◆ Excerpts from a dataset:
_ _ _ _ _

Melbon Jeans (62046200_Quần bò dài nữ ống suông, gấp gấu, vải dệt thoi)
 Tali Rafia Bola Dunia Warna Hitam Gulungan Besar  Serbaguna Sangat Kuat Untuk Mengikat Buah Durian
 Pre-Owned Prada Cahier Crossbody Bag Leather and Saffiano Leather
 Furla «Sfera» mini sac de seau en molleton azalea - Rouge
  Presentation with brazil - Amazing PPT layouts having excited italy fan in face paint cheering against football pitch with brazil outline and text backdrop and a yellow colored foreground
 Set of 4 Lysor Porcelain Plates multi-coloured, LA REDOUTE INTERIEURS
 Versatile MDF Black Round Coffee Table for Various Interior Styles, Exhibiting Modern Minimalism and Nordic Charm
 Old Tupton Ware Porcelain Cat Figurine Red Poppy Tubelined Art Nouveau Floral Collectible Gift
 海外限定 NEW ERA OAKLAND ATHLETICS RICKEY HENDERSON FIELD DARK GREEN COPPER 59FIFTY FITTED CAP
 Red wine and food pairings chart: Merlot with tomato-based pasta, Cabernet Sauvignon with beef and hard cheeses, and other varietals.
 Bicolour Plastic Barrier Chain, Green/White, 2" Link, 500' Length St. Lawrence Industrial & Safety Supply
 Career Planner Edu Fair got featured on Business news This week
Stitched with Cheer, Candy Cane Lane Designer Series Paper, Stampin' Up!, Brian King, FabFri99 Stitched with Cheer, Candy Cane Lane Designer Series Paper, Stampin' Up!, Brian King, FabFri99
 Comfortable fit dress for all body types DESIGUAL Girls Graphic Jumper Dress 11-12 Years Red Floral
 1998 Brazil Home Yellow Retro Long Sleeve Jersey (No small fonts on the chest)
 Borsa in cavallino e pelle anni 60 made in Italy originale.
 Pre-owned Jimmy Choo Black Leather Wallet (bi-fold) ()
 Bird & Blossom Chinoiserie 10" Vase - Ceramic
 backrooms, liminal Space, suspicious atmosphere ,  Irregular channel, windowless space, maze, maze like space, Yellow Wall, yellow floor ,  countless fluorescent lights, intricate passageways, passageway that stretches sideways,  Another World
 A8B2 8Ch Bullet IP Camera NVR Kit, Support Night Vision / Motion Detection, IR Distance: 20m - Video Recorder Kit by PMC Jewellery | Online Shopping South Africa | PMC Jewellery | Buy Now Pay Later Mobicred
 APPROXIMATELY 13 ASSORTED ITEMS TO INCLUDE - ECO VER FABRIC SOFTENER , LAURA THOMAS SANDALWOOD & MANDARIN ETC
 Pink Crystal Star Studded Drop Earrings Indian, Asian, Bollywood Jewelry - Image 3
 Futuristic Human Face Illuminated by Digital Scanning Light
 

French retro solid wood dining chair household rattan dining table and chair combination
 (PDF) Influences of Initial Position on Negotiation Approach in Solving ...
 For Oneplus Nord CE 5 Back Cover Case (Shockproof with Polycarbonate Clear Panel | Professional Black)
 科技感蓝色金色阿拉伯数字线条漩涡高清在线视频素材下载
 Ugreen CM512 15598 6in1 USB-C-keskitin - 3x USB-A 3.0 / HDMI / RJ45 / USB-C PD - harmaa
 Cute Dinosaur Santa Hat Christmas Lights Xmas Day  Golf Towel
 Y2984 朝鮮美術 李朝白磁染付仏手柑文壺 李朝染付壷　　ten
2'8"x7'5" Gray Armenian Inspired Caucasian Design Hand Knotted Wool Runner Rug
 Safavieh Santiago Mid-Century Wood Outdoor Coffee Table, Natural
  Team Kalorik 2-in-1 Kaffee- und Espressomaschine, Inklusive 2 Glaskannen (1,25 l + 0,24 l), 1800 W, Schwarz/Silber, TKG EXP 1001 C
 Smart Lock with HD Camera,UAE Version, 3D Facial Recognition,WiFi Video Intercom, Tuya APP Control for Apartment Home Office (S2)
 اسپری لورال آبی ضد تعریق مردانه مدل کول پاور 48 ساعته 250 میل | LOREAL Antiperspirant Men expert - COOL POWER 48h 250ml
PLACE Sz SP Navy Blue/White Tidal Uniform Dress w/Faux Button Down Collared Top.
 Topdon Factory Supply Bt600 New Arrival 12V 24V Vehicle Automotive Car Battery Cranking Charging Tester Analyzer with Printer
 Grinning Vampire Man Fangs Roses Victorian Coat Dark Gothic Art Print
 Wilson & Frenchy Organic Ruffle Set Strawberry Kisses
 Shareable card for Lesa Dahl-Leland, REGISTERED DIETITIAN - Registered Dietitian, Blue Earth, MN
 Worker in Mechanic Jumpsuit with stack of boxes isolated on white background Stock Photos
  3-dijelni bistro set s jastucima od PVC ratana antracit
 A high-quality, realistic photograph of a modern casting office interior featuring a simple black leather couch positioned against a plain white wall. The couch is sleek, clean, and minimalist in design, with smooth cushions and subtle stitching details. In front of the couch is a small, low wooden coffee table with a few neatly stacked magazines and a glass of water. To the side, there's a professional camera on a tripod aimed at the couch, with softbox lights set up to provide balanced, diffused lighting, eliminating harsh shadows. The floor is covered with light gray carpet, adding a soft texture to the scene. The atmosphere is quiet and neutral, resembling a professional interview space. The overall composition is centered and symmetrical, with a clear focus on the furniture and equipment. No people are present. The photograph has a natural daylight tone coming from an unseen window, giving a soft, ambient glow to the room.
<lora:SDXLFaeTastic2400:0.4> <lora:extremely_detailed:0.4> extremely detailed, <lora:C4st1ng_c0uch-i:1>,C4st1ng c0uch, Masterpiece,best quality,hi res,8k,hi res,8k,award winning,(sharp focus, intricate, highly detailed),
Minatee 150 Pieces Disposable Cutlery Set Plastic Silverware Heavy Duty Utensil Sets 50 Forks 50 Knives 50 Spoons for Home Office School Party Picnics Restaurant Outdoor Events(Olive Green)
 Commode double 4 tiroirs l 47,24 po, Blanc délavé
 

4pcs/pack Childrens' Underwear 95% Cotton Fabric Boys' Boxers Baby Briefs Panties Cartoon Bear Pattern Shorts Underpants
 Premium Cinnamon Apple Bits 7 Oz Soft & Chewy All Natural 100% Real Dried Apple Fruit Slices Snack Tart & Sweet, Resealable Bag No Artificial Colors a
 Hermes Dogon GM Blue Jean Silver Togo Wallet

_ _ _ _ _

◆ EXERCISE REQUIREMENTS: Repeat exactly the lines above, starting with the first line of the records and finishing with the line holding "Set of 4 Lysor". Add no other line.

◆ PROBLEM SOLUTION:
Melbon Jeans (62046200_Quần bò dài nữ ống suông, gấp gấu, vải dệt thoi)
 Tali Rafia Bola Dunia Warna Hitam Gulungan Besar  Serbaguna Sangat Kuat Untuk Mengikat Buah Durian
 Pre-Owned Prada Cahier Crossbody Bag Leather and Saffiano Leather
 Furla «Sfera» mini sac de seau en molleton azalea - Rouge
  Presentation with brazil - Amazing PPT layouts having excited italy fan in face paint cheering against football pitch with brazil outline and text backdrop and a yellow colored foreground
 Set of 4 Lysor Porcelain Plates multi-coloured, LA REDOUTE INTERIEURS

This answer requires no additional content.